- [The problem]
After locating the line with "Medium 80s Brown New Wave Trench Coat" in the entries below, output it and each following line up to and including the line with "Guardanapo De Papel", exactly and without pictures.

Start of Record excerpts

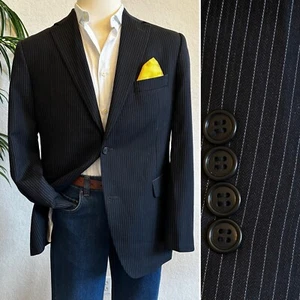 JACK VICTOR BLAZER GR 42 ANZUG JACKE SCHWARZ GESTREIFT SPORT MANTEL VALENTINO - Bild 1 von 11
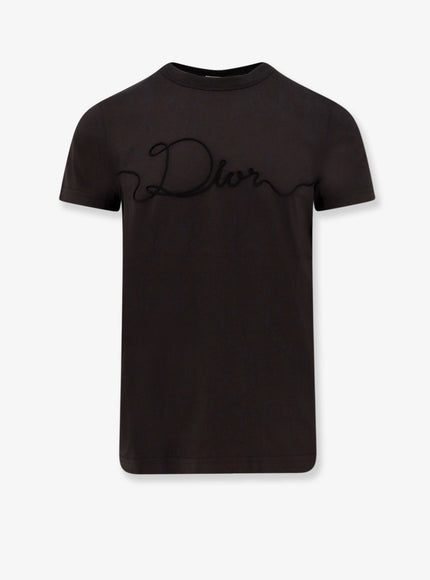 Dior Dior Ribbon Cotton T-Shirt Gris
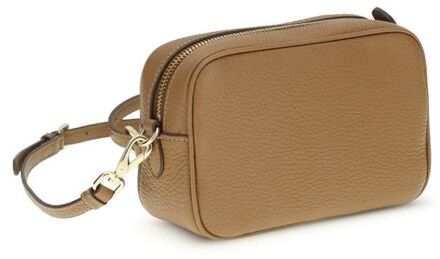 Prada Beige Kalfslederen Bos Taurus Schoudertas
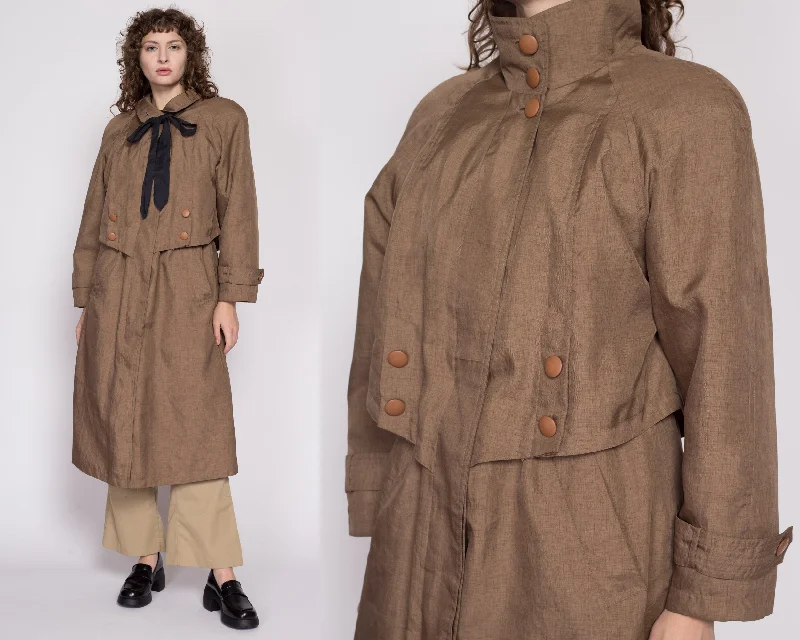 Medium 80s Brown New Wave Trench Coat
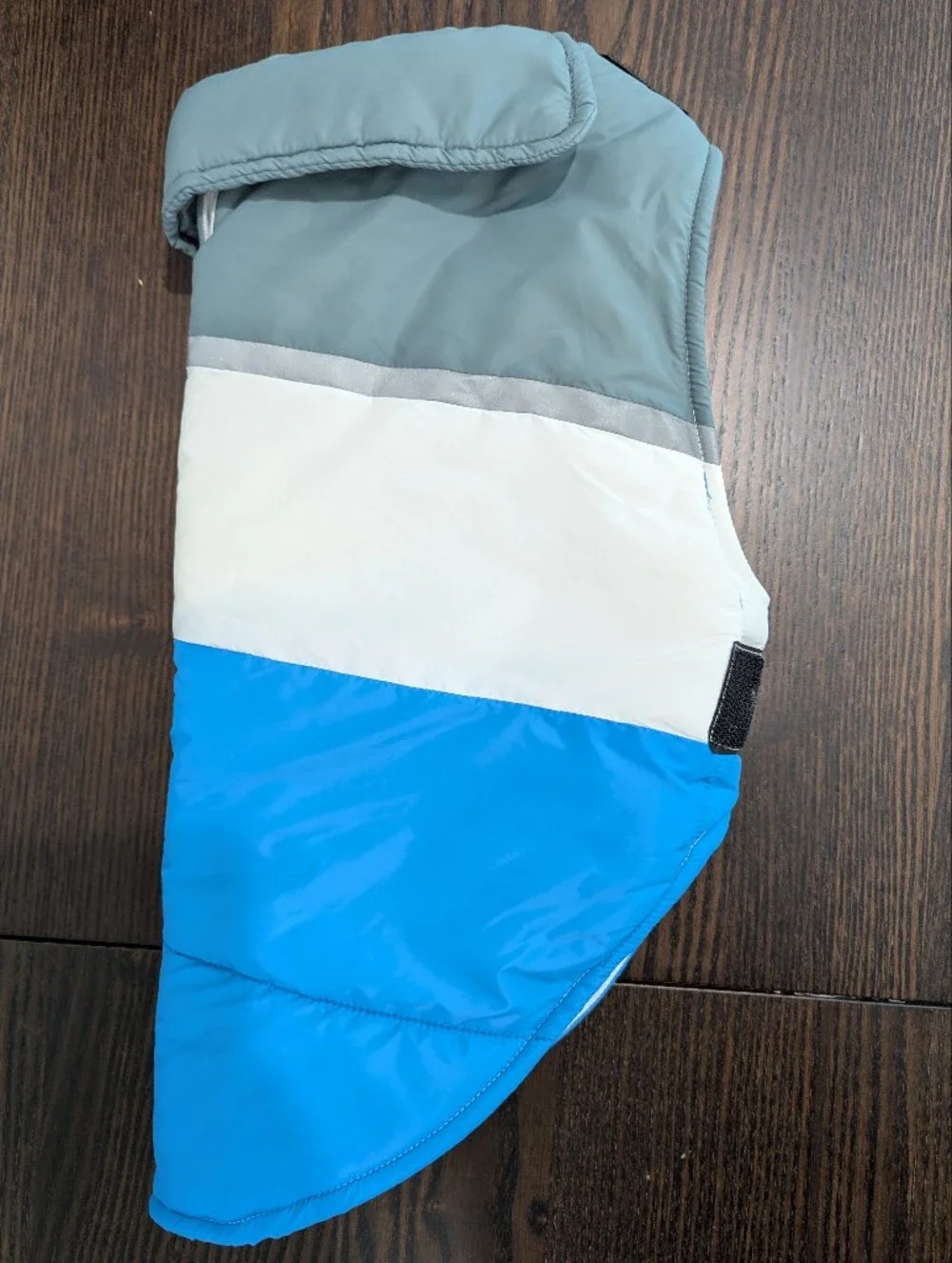 Dog Colorblock Windbreaker in Blue, White, Gray, and Teal 🐾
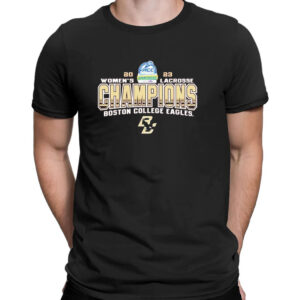 Shirt black Boston College 2023 Womens Lacrosse Acc Champions T Shirt 2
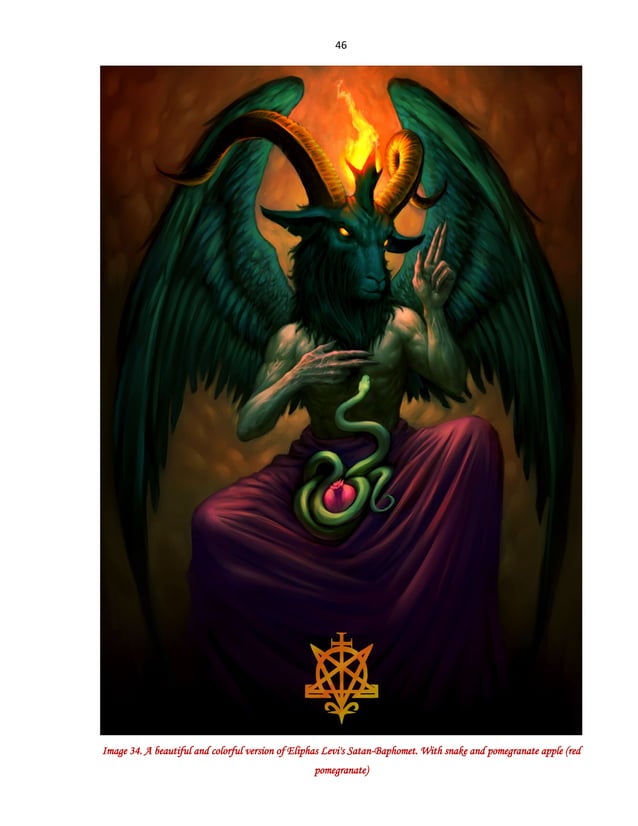 SatanArt No. 1 Album theme: Classic image of Satan-Baphomet and ...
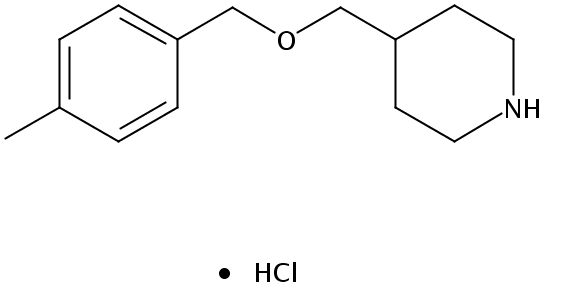 4-(((4-Methylbenzyl)oxy)methyl)piperidine hydrochloride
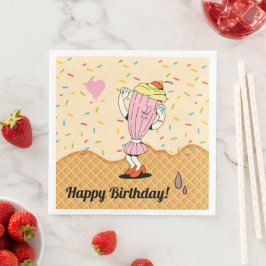 Guardanapo De Papel De Jantar Confetti de Mesa do sorvete Cone Characters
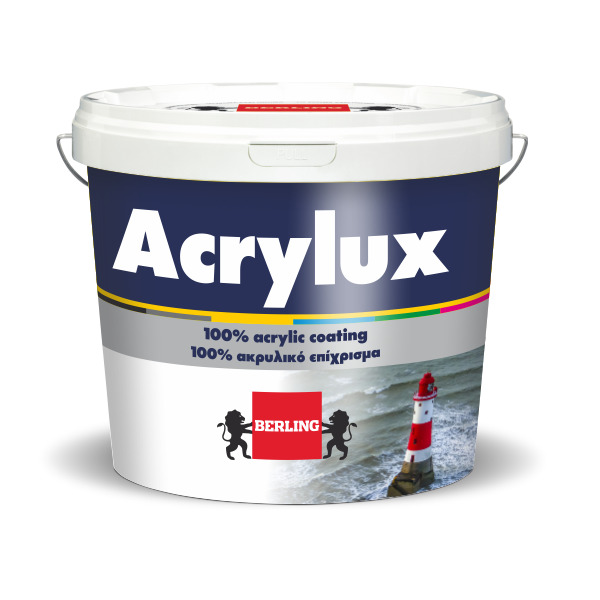 ACRYLUX 0.75lt Υπέρλευκο Ακρυλικό Χρώμα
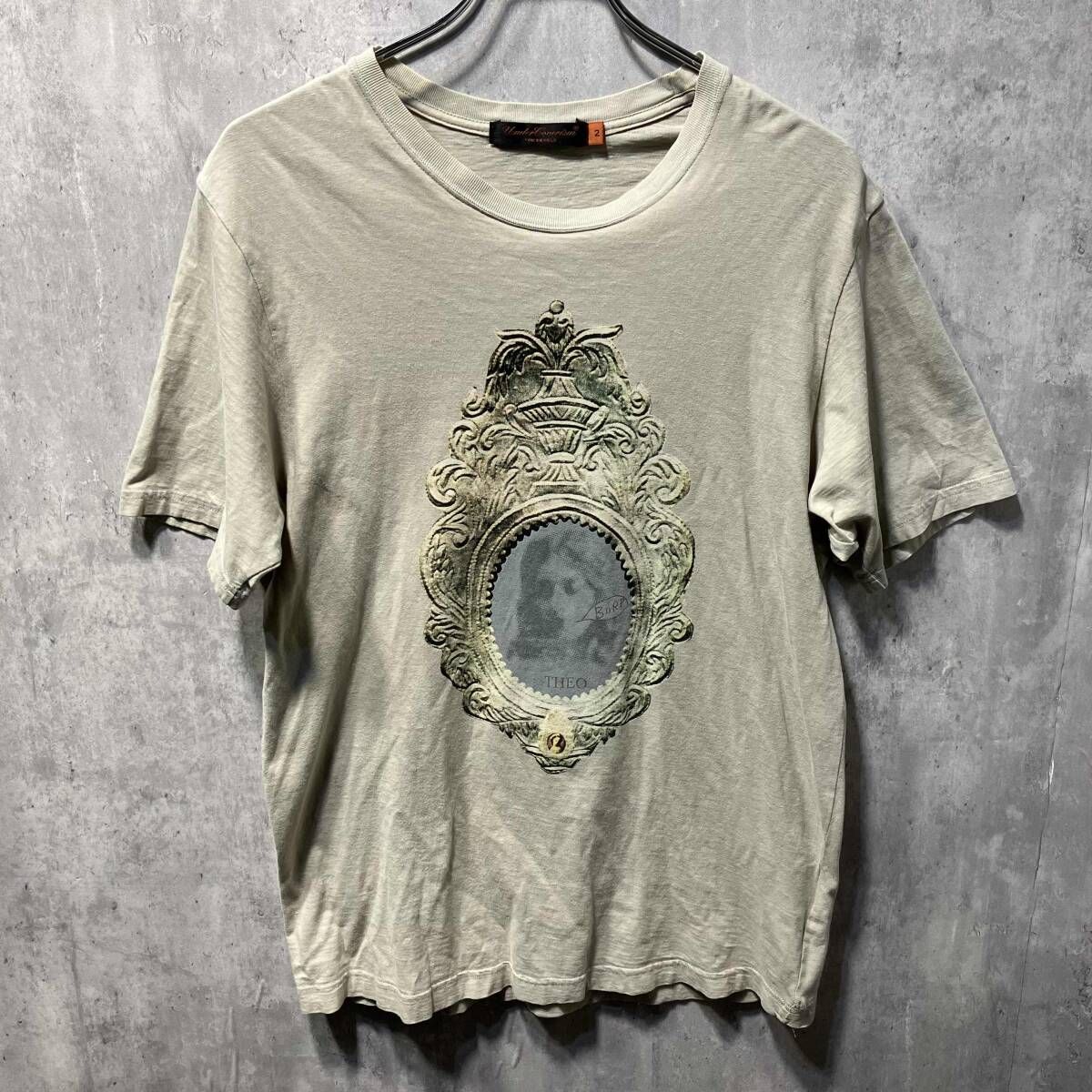 08 aw THEO BURP TEE 半袖Tシャツ サイズ2 グリーン アンダーカバーイズム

End of Record excerpts

- [Solution for this problem]
 Medium 80s Brown New Wave Trench Coat
 Dog Colorblock Windbreaker in Blue, White, Gray, and Teal 🐾
 Shirt black Boston College 2023 Womens Lacrosse Acc Champions T Shirt 2
 SatanArt No. 1 Album theme: Classic image of Satan-Baphomet and ...
 4-(((4-Methylbenzyl)oxy)methyl)piperidine hydrochloride
 Guardanapo De Papel De Jantar Confetti de Mesa do sorvete Cone Characters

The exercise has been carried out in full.